[WHAT NEEDS TO BE DONE]: With pictures left out, retype exactly the lines from the one containing "Carbon Fiber Rear" through the final line of the entries.

(Scraped caption text data)
☆ ☆ ☆

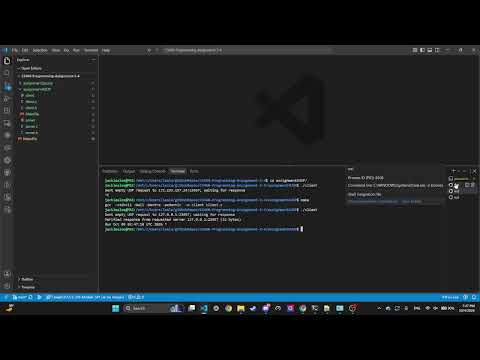 CS460 assingment 4 UDP daytime server/client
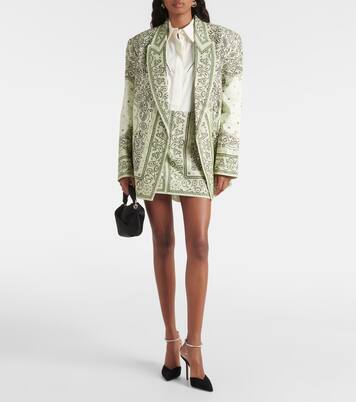 Bedruckter Blazer Matchmaker aus Leinen | Zimmermann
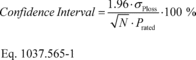 Regulatory graphic accompanying: You may need to perform additional testing at a given operating condition based on a calculation of a confidence interval to represent repeatability at a 95% confidence level at…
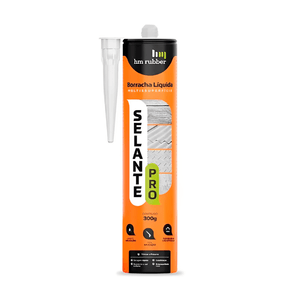 Selante Pro Borracha Líquida 300g Branco - HM RUBBER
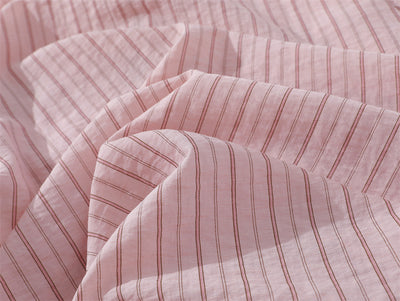 Camisa de Rayas Verticales Manga Corta para Hombre - Image 35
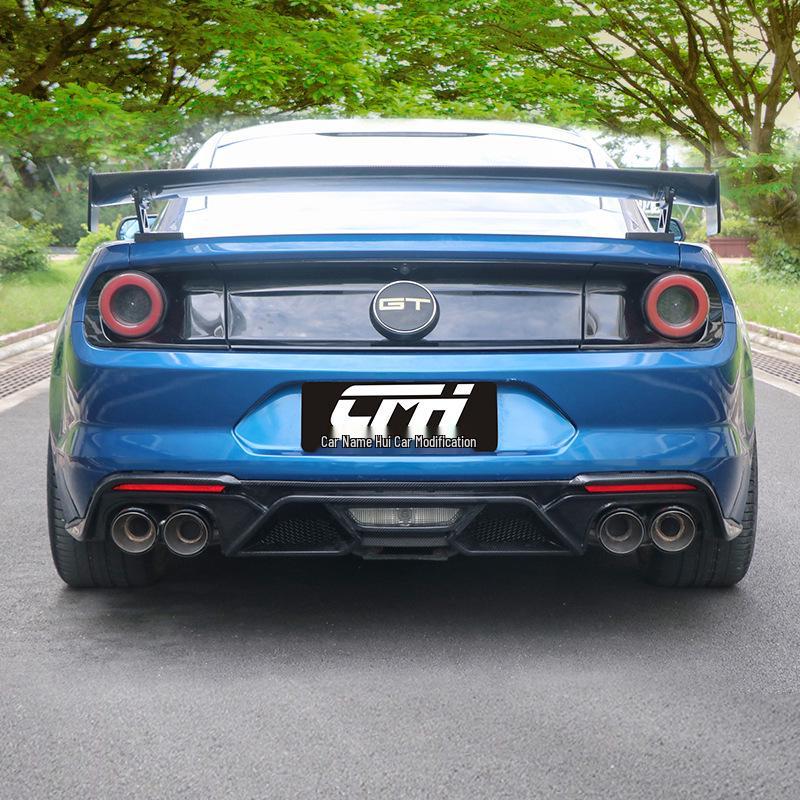 Carbon Fiber Rear Spoiler Lip for 2015-2022 Ford Mustang GT500 Body Kit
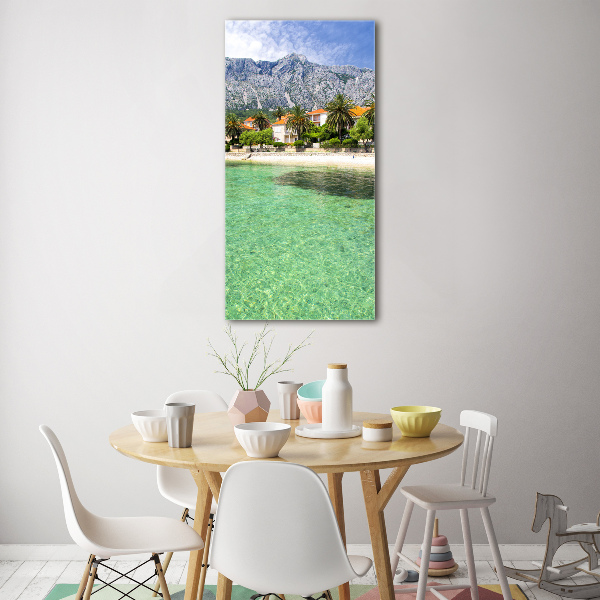 Acrylic glass print Beach in Croatia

☆ ☆ ☆

[RESULT FOR THIS TASK]:
 Carbon Fiber Rear Spoiler Lip for 2015-2022 Ford Mustang GT500 Body Kit
 Acrylic glass print Beach in Croatia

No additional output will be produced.